As of 2026, the general manager is Brandon Gillen and the program director is Serena Zhu.

The station's board of trustees is the Technology Broadcasting Corporation, whose members are appointed by the President of MIT. Members include Marianna Parker (President), Joseph Paradiso (Vice President), Todd Glickman (Clerk), and Shawn Mamros (Treasurer).

==History==
Student-run radio broadcasting began at the university on November 25, 1946. This initially was an AM band "carrier current" station, which was a self-supporting commercial operation, that originated from a transmitter located in the Ware entryway of Senior House dormitory. The station's signal was fed over power lines, initially at 800 kHz, and later 640 kHz, and was receivable only within a few hundred feet of the dorms. The programming was simultaneously carried over "dorm line" wires, that ran past the exterior windows of the MIT dormitories, for residents to connect to their hi-fi gear. Under Federal Communications Commission (FCC) Part 15 regulations, carrier current stations do not require a license or receive official call letters, and it adopted the self-assigned identifier of "WMIT". An early experiment in stereo broadcasting, in 1960, put one stereo channel on the AM signal and the other on the dorm lines.

The broadcasting was eventually supplemented by a low power "Class D" non-commercial FM station, when the university received a construction permit to establish a station on 88.1 mHz. Because the call letters WMIT had been assigned to a North Carolina station, this new station was assigned the call sign WTBS, for "Technology Broadcasting System". New facilities were constructed in the basement of Walker Memorial, including a switching and mixing console designed by A. R. Kent and Barry Blesser, believed to be one of the first all-transistorized consoles. On April 10, 1961, WTBS signed on from a small antenna atop the Walker Memorial Building, which houses its studios, with an effective radiated power (ERP) of 14 watts, at 88.1 megahertz. (This frequency corresponds to a wavelength of 3.40 meters, or, using a local humorous measurement, approximately 2 smoots.) In the early 1970s, the antenna was moved to the much higher Eastgate Apartment Building, dramatically improving the signal's range.

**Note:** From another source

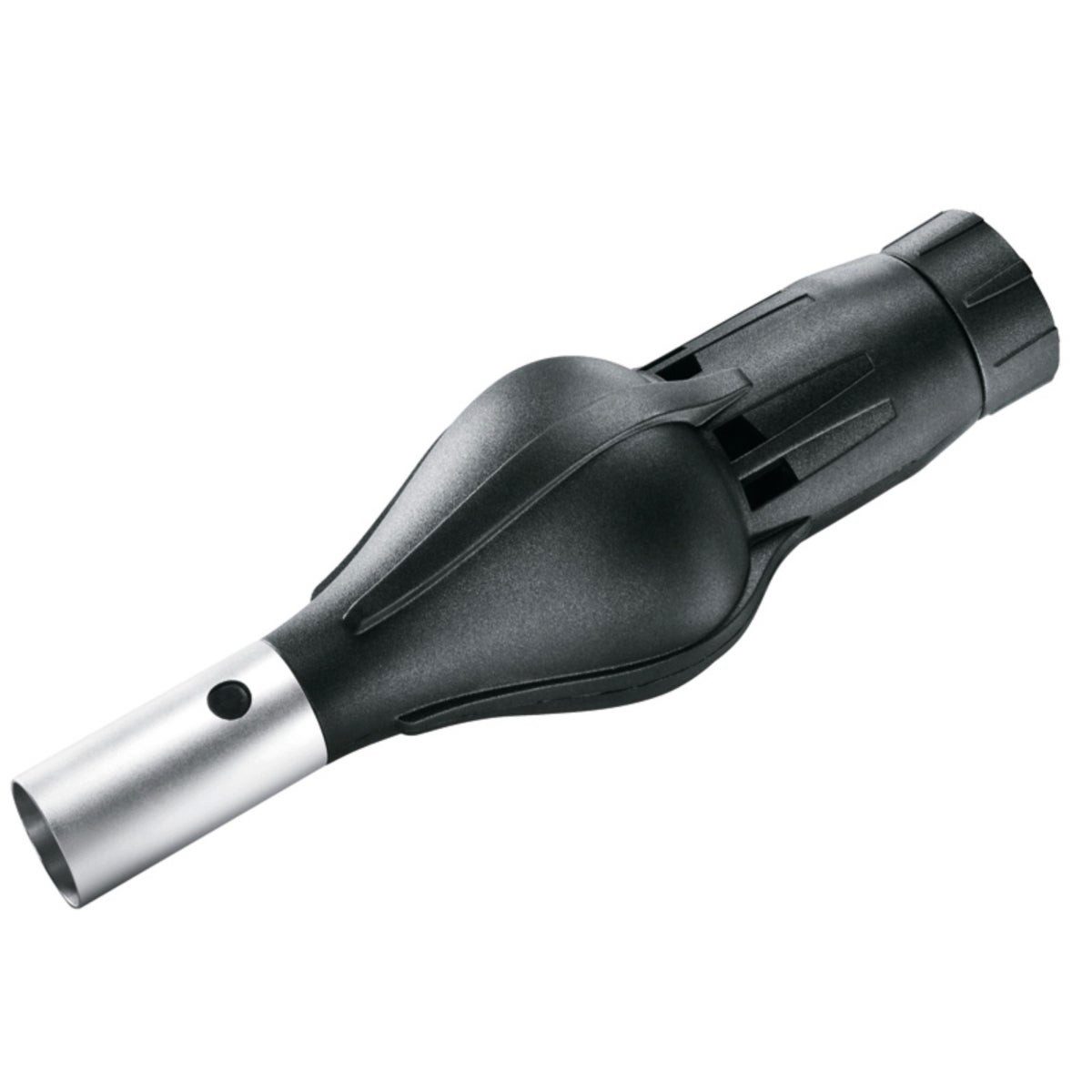 BOSCH Universalbohrer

WTBS continued to operate the carrier-current system to the dormitories on 640 kHz, with an identical program, except for commercial breaks on the AM side, during which the noncommercial FM station ran public-service announcements, and, later, parody "advertisements" for fictitious products such as "Apple Gunkies" and firms such as "Nocturnal Aviation". The carrier current transmissions were discontinued in the early 1970s.

The all-request "Nite Owl" was a popular weekend feature, and a "Waveform of the Week" was broadcast for the enjoyment of MIT students watching the program on oscilloscopes. Since the station allowed a certain amount of non-students to conduct shows, WTBS was able to tap into the active music and arts community in the Cambridge-Boston area and was acknowledged as the metropolitan area's most eclectic station of the era, featuring jazz, folk music, rhythm and blues, classical music and among the first programs featuring the emerging "underground rock" music in the 1960s and the "new wave" music in the 1970s.

In 1978, Ted Turner, then operator of Atlanta, Georgia television station WTCG, wanted to use the call letters "WTBS", for Turner Broadcasting System. Although call letters technically are not for sale, Turner and WTBS worked out a stratagem whereby Turner gave a $25,000 donation to WTBS, with an agreement that WTBS would apply for new call letters, with a second donation of $25,000 promised if the FCC were to grant the letters "WTBS" to Turner. WTBS used the donation for new transmitter equipment, and on November 10, 1979, the station's call letters became WMBR, for "Walker Memorial Basement Radio", with 200 watts of power, later increased to 720 watts.